What is the adequate procedures defence under India's PCA?
Section 9 of the amended PCA provides that a commercial organisation is not liable if it proves it had adequate procedures in place to prevent bribery by associated persons. While the Indian government has not issued specific guidance, companies typically reference the UK Ministry of Justice's six principles and the DOJ/SEC FCPA evaluation criteria.
Can parent company directors be imprisoned for bribery by the Indian subsidiary?
Under Indian law, if a director, manager, or officer of the commercial organisation consented to or connived in the bribery, they face personal imprisonment of 3-7 years plus fines under Section 9 of the PCA. Under the FCPA, individual liability can result in up to 5 years imprisonment per violation.
Is a whistleblower mechanism mandatory for foreign-owned Indian companies?

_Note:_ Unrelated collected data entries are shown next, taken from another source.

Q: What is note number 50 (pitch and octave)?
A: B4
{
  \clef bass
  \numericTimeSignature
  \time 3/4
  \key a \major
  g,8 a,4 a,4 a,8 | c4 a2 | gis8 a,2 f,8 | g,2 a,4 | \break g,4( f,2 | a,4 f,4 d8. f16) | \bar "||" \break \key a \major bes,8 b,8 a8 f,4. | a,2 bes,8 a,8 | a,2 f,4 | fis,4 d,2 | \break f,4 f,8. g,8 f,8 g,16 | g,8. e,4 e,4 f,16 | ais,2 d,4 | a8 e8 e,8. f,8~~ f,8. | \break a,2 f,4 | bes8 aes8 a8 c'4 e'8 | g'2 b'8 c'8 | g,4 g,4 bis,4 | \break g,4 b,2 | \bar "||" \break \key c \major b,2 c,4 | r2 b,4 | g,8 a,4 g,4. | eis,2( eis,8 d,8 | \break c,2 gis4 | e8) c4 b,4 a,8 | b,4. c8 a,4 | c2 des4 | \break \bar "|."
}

Under Section 177 of the Companies Act 2013, a vigil mechanism is mandatory for listed companies, companies accepting public deposits, and companies with bank borrowings exceeding INR 50 crore. Even when not legally required, it is strongly recommended as it demonstrates adequate procedures under the PCA's Section 9 defence.
What are the penalties for bribery under the FCPA for Indian subsidiary violations?
Corporate criminal penalties under the FCPA can reach USD 2 million per violation or twice the gain/loss. Individual penalties can be USD 250,000 and 5 years imprisonment per violation. Disgorgement of ill-gotten profits often adds tens or hundreds of millions in additional financial exposure.